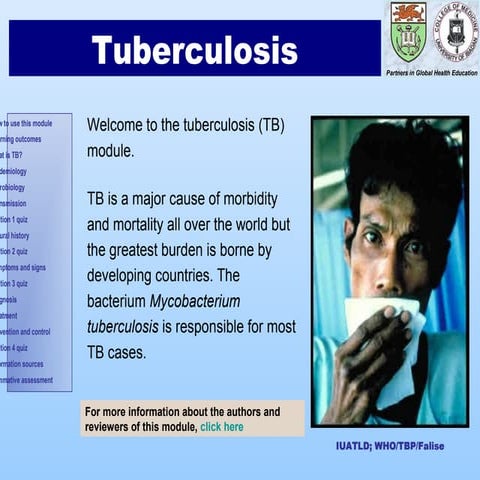 GA_PRDStIvoOverview-1.ppt TB Slides for General Students. Basics of TB ...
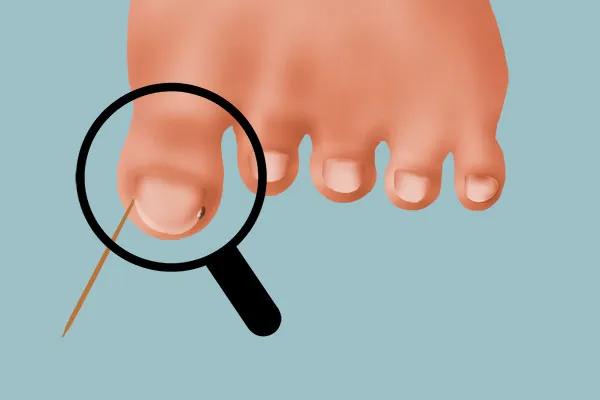 脚趾甲往肉里长又疼又痒教你一招,脚趾甲总是往肉里长怎么办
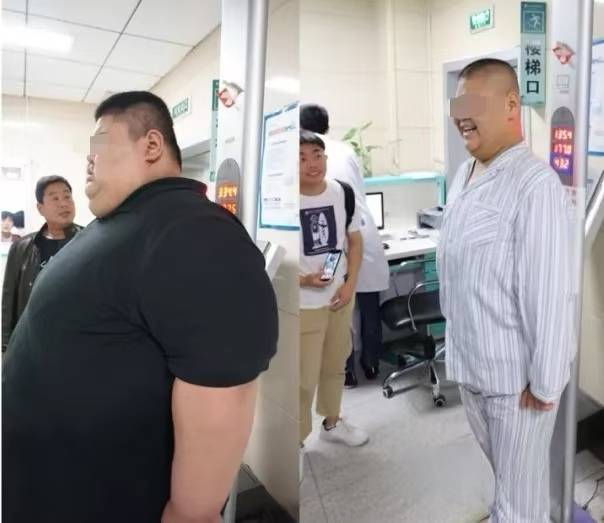 國家“體重管理年”行動下，山東三甲醫(yī)院減重門診成效顯著 國家行動激發(fā)，山東三甲醫(yī)院減重門診火爆來襲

• [Required work]: The listing above should be repeated word for word, with every image left out.

• [Task output]:
 GA_PRDStIvoOverview-1.ppt TB Slides for General Students. Basics of TB ...
 脚趾甲往肉里长又疼又痒教你一招,脚趾甲总是往肉里长怎么办
 國家“體重管理年”行動下，山東三甲醫(yī)院減重門診成效顯著 國家行動激發(fā)，山東三甲醫(yī)院減重門診火爆來襲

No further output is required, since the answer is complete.